ステートフル・モデルは、アイドルシーケンスのクリーンアップの対象となる場合と、対象とならない場合があります。これは、idle_sequence_cleanup
パラメーターを使用してモデルごとに設定できます。true
に設定すると、シーケンスクリーナーがそのモデルをチェックします。それ以外の場合、シーケンスクリーナーはそのモデルをスキップし、アクティブでないシーケンスは削除されません。デフォルトでは、この値は true
に設定されます。
既知の問題¶
OVMS のステートフル・モデルの使用には制限があります。
ターゲットデバイスとして CPU のみを使用した推論実行をサポートします。
メモリーレイヤーを備えた Kaldi モデルとテンソル・イテレーターを備えた非 Kaldi モデルをサポートします。OpenVINO でのステートフル・ネットワークの表現については、ステートフル・ネットワークに関するドキュメントを参照してください。

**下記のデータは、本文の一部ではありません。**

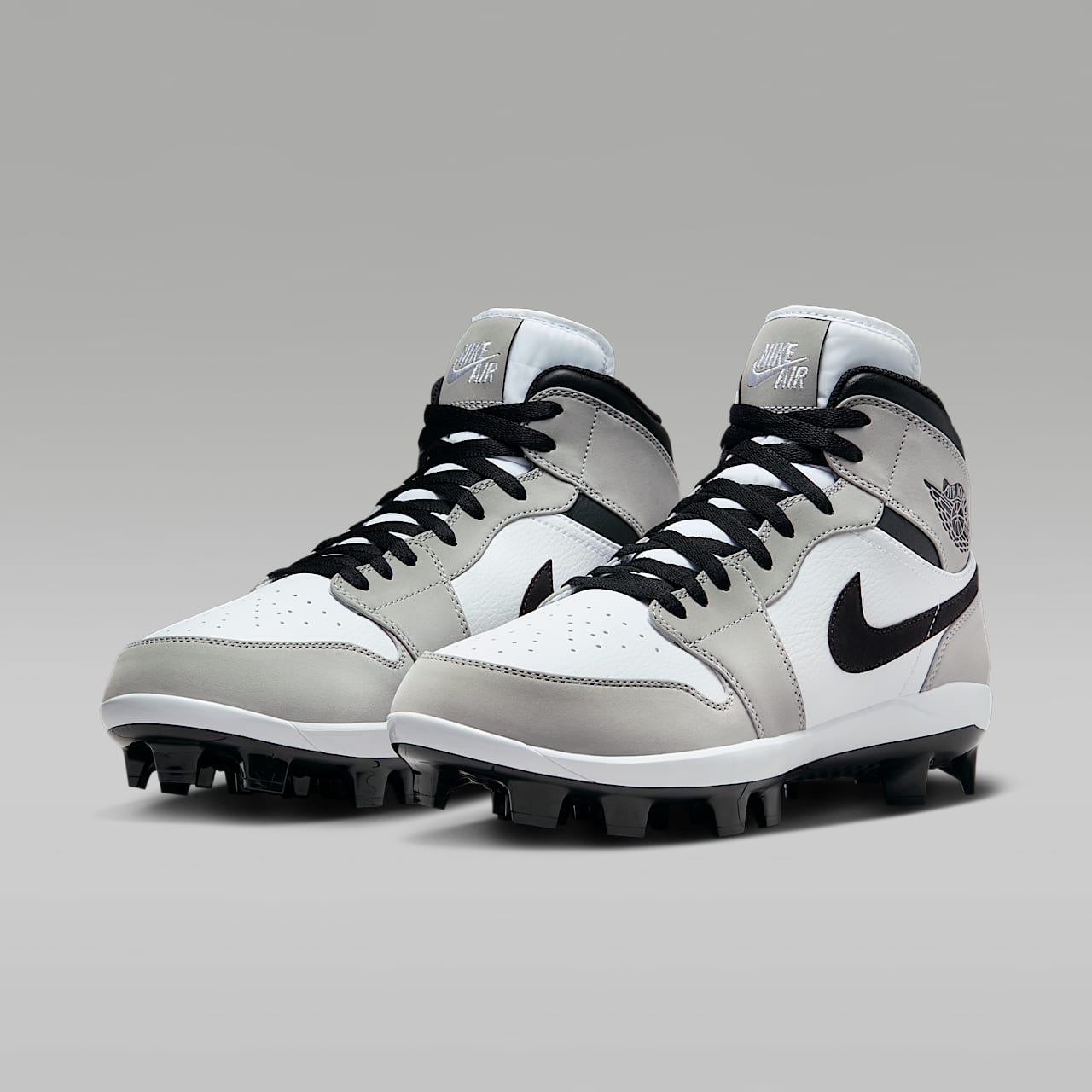 1 Retro MCS Men's Baseball Cleats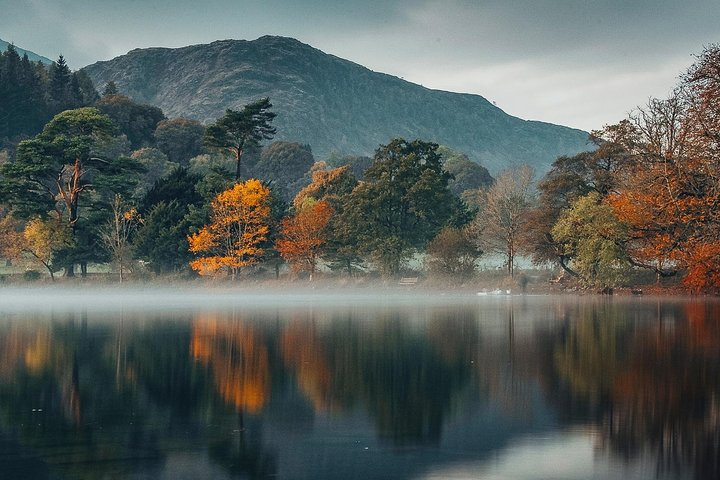 Ten Lakes Tour - Full Day - Up to 4 People - Photo 1 of 11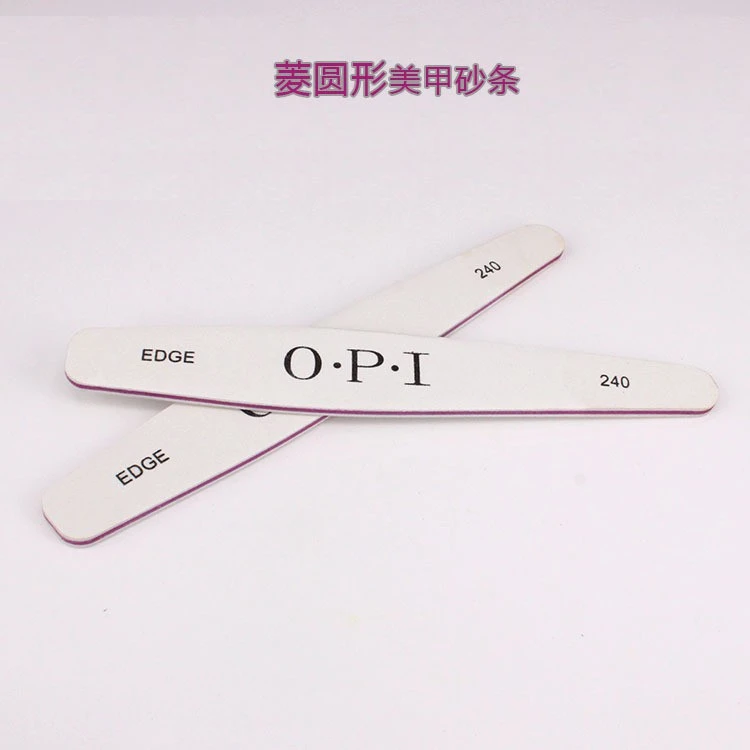 nail file 240 opi product thumbnail 4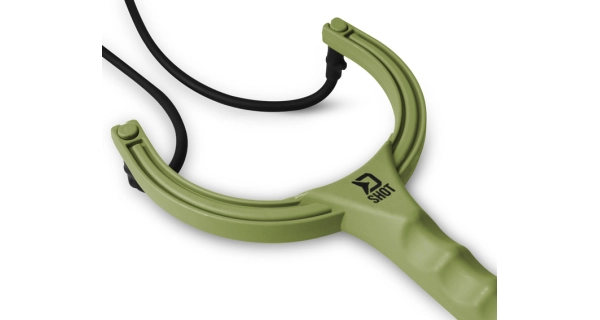 DELPHIN - Prak shot conus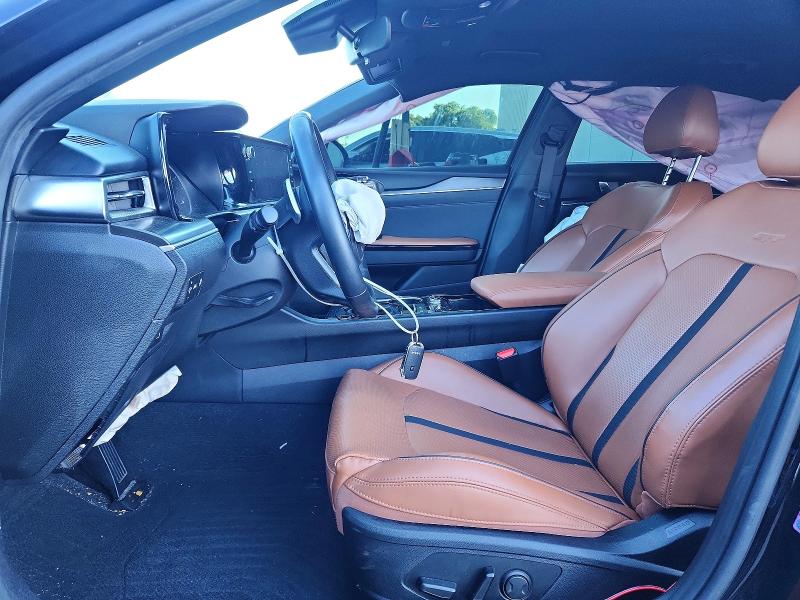 2024 Kia VIN 5XXG44J82RG244226 COPART salvage auction — FRONT END, Fl - Certificate Of Destruction, sold $5,600 on 2026-07-13 (photo 7)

自動バッチサイズと形状は、ステートフル・モデルでは使用できません。
ステートフル・モデルのインスタンスは DAG では使用できません。
要求の順序は、単一のクライアントが後続の要求を同期的に送信する場合にのみ保証されます。同じシーケンスを同時に操作すると、結果の精度に悪影響を及ぼす可能性があります。
モデル構成の変更によりステートフル・モデルのインスタンスがリロードされると、進行中のシーケンスがすべて削除されます。
モデルタイプは実行時に変更できません。ステートフル・フラグの切り替えは拒否されます。